Percutaneous coronary intervention (PCI)

Patients with COVID-19 can present with acute coronary syndromes or acute heart failure and therefore require cardiac catheterization and possible intervention. Cardiac catheterization laboratories (CCL) have established protocols to minimize healthcare workers (HCW) exposure to the virus while maintaining appropriate standards of care for cardiac conditions. Such protocols are reviewed in the next session.

With regards to unique characteristics of patients with COVID-19 and PCI, data are still limited. In a single center study from the United Kingdom (UK), 115 consecutive patients who were admitted with STEMI during a 12 week period were analyzed: 29 were subsequently found to have COVID 19. Without significant differences in age, sex, ethnic background, or body mass index, those with COVID-19 were more likely to be diabetic (46% vs. 26%, p = 0.038), hypertensive (72% vs. 42%, p = 0.003), hyperlipidemic (62% vs. 37%, p = 0.038) and were more likely to have a history of previous PCI (23% vs. 7%, p = 0.016). The time from symptoms to reperfusion, ECG presentations, rates of cardiogenic shock, and requirement for pre-hospital intubation were similar in both groups. However, there was a higher incidence of cardiac arrest in patients who were COVID-19 positive compared with the non-COVID-19 group (28% vs. 9%, p = 0.0013). A large thrombus burden (modified thrombus grade 4/5) was twice as likely in patients with COVID-19 and STEMI compared with those without COVID-19 (75.0% vs. 31.4%; p = 0.0006). There was significantly greater use of glycoprotein (GP) IIb/IIIa inhibitors (p < 0.0001) and aspiration thrombectomy (p = 0.0021) in patients with COVID-19 due to the higher thrombus burden ( Figure 1). [1515. Choudry Fizzah A., Hamshere Stephen M., Rathod Krishnaraj S., Akhtar Mohammed M., Archbold R. Andrew, Guttmann Oliver P., et al. High Thrombus Burden in Patients With COVID-19 Presenting With ST-Segment Elevation Myocardial Infarction. J Am Coll Cardiol. 2020 Sep 8;76(10):1168–76. ] These findings are comparable to a multicenter registry in Spain that showed higher rates of mechanical thrombectomy, GP IIb/IIIa use, stent thrombosis and cardiogenic shock in patients with STEMI and COVID-19. [1616. Rodriguez-Leor O, Cid Alvarez AB, de Prado AP, Rossello X, Ojeda S, Serrador A, et al. In-hospital outcomes of patients with ST-segment elevation myocardial infarction and COVID-19. EuroIntervention J Eur Collab Work Group Interv Cardiol Eur Soc Cardiol. 2020 Nov 10;. ]
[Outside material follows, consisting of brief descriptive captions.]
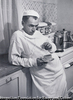 Dr. Ceriani resting in his kitchen, after having spent the night operating. Kremmling, Colorado, USA. 1948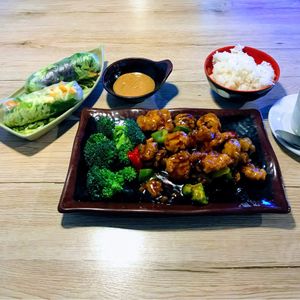 General Tso half-and-half mushroom/chicken and Vietnamese rolls. Delicious! at Veggie Village in Phoenix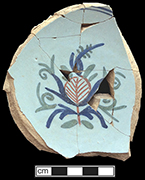 Tin glazed earthenware bowl painted on the interior base with blue, green and red floral motif. Base diameter:  3.25” - from 18QU124.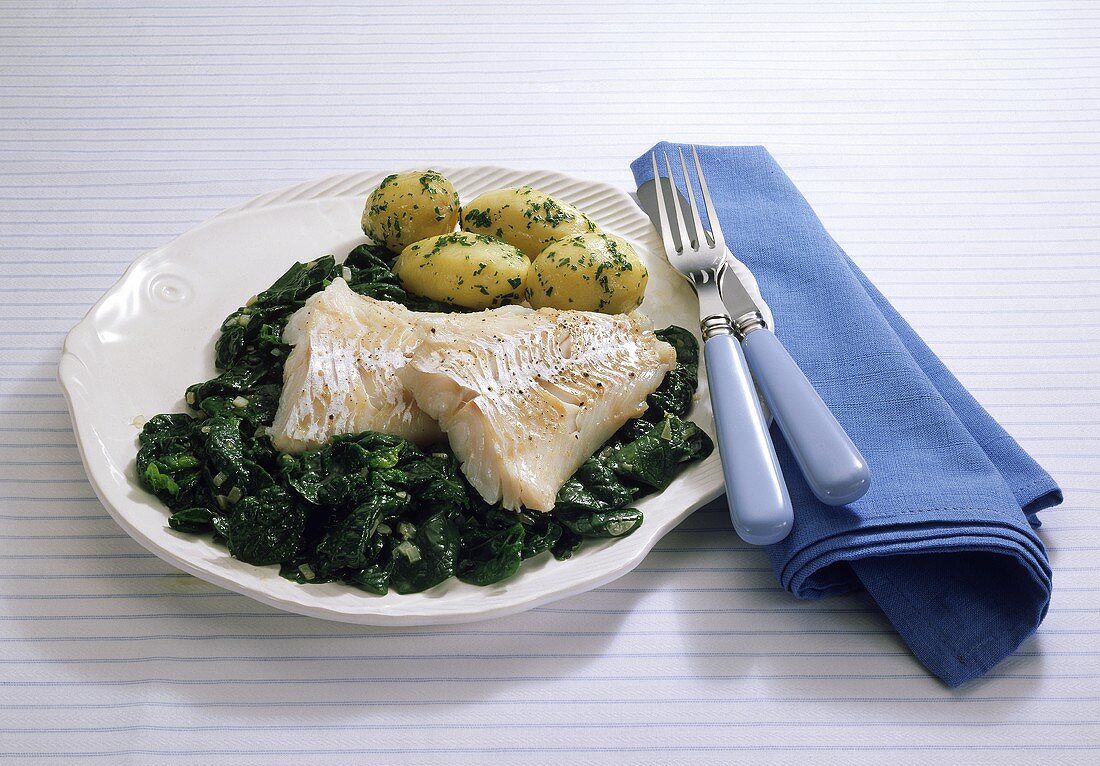 Cod fillet on bed of spinach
Mechanical circulatory support

In the case of cardiogenic shock, temporary mechanical circulatory support (MCS) can be lifesaving. MCS remains the last resort after medical treatment fails to sustain sufficient cardiac output. At the beginning of the pandemic, the scope of MCS was mainly acute respiratory distress syndrome (ARDS). ECMO is used to re‐establish sufficient gas exchange in cases of severe lung failure. Venovenous (VV)‐ECMO represents an efficient method of lung replacement therapy. However, if heart failure coexists and cardiac output is low, venoarterial (VA)-ECMO may become necessary.

The Extracorporeal Life Support Organization recently published their guidance on the application of temporary MCS in COVID‐19 affected patients.[1717. Bartlett RH, Ogino MT, Brodie D, McMullan DM, Lorusso R, MacLaren G, et al. Initial ELSO Guidance Document: ECMO for COVID-19 Patients with Severe Cardiopulmonary Failure. ASAIO J Am Soc Artif Intern Organs 1992. 2020 May;66(5):472–4. ] They suggest a “case by case” decision. For the use of MCS, patient characteristics and local circumstances such as limited resources, must be taken into account whenever a patient develops cardiopulmonary failure with regard to COVID‐19. It is important to remember that this is a very resource intensive therapy, requiring dedicated personnel and specialized equipment. All of these resources have been scarce at some point during the pandemic. The Impella RP has been reported to provide right ventricular circulatory support for patients who develop right side ventricular failure or decompensation caused by COVID-19 complications, including pulmonary embolus.[1818. Kaki A, Singh H, Cohen G, Schreiber T. A case report of a large intracardiac thrombus in a COVID-19 patient managed with percutaneous thrombectomy and right ventricular mechanical circulatory support. Eur Heart J Case Rep. 2020 Dec;4(6):1–5. ]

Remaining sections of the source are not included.